Stanley Nelson's 'Boss: The Black Experience in Business' Rewrites the Narrative On Black Entrepreneurship [REVIEW]
Black businesses have been the cornerstone of Black communities in this country for more than a century. With his new PBS documentary, Boss: The Black Experience in Business, prolific director Stanley Nelson explores the history of Black business. Traveling back in time during the antebellum period and stretching forward into the 21st century, Nelson unpacks 150 years of Black business in America.
Opening with James Brown’s 1973 soul hit, “The Boss,” Nelson turns his lens on Ursula Burns, the former CEO of Xerox. Burns' rise in corporate America wasn't assumed. Like many Black folks, she came from a working-class family and was encouraged to step into a “practical career" like nursing or education to make a living for herself. However, a summer internship at Xerox changed the path she would take. Burns joined the company after college, working her way up to the CEO’s Executive Assistant and eventually taking the top spot herself. As the first Black woman to head a Fortune 500 company, Burns' story seems improbable and in many ways it is. However, what Nelson unveils in Boss is that the roots of Black business in America are literally embedded in the country's soil and history.

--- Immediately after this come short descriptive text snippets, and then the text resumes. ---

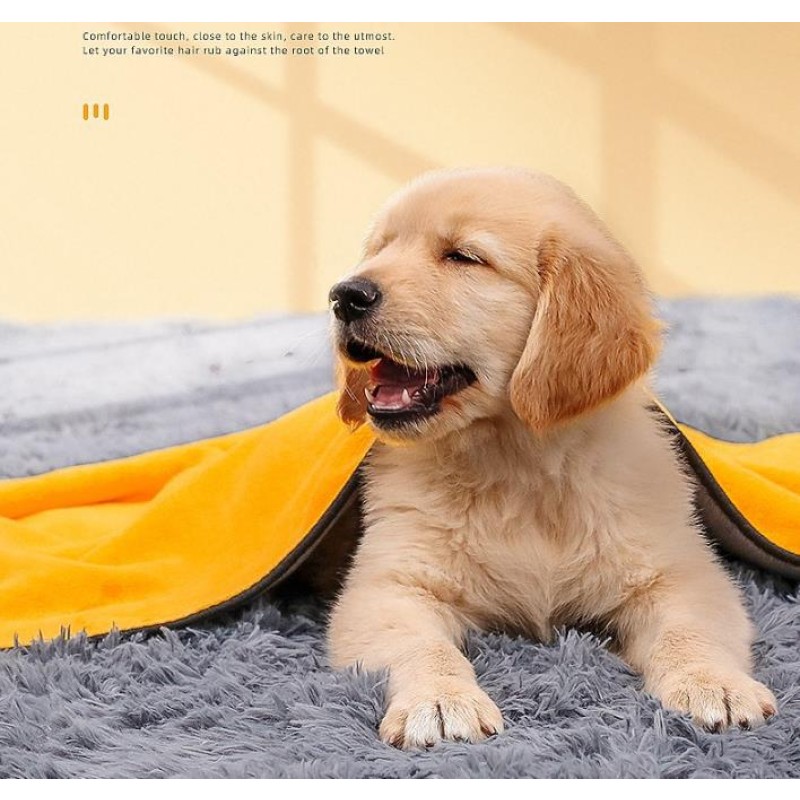Pet Grooming Towel Manufacturer - Quick Dry Microfiber Dog Bathing Supply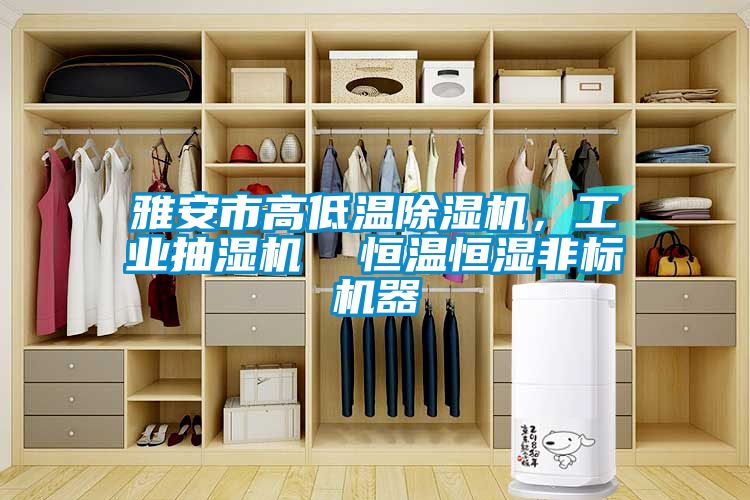雅安市高低溫除濕機(jī)，工業(yè)抽濕機(jī)  恒溫恒濕非標(biāo)機(jī)器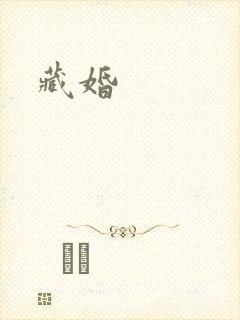 藏婚封面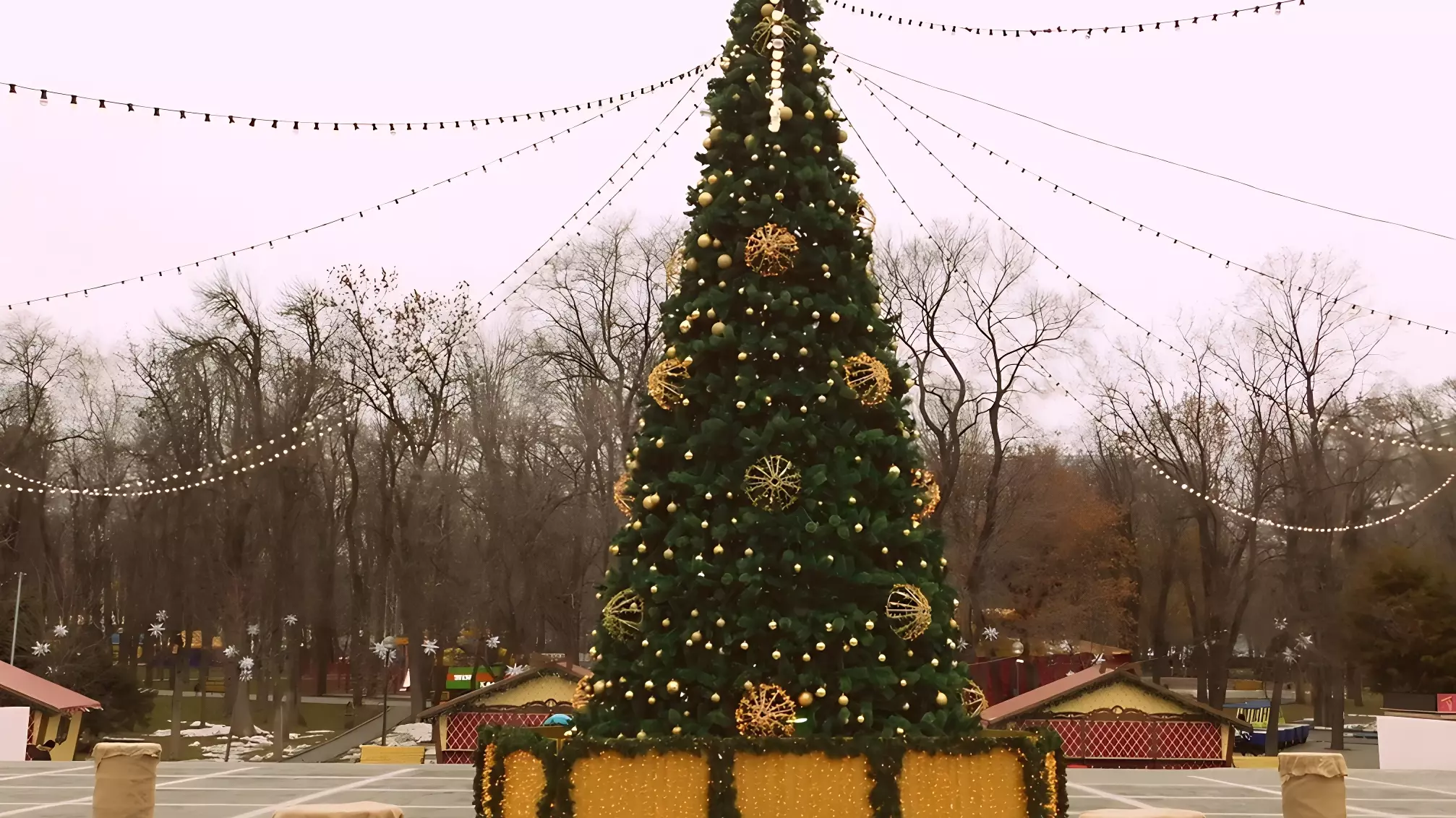 В столице Югры установили главную новогоднюю елку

rom the 19th century forward, Nelson chronicles the rise of Black business from apprenticeships that enslaved peoples held to the birth of barbershop franchises, Black banks, and insurance companies during the Reconstruction era and into the 20th century. Due to Jim Crow laws that forced Black people out of white spaces, Black businesses became a necessity and a source of pride. Black business owners were able to provide affordable and dignified services directly to their people. By elevating these little known narratives, like the hundreds of businesses on Black Wall Street in Tusla, Oklahoma, or the legacy of Madame C.J. Walker, the film reveals just how tenacious and ambitions these Black business owners were—especially when they had very little capital or knowledge about what it meant to run a successful company.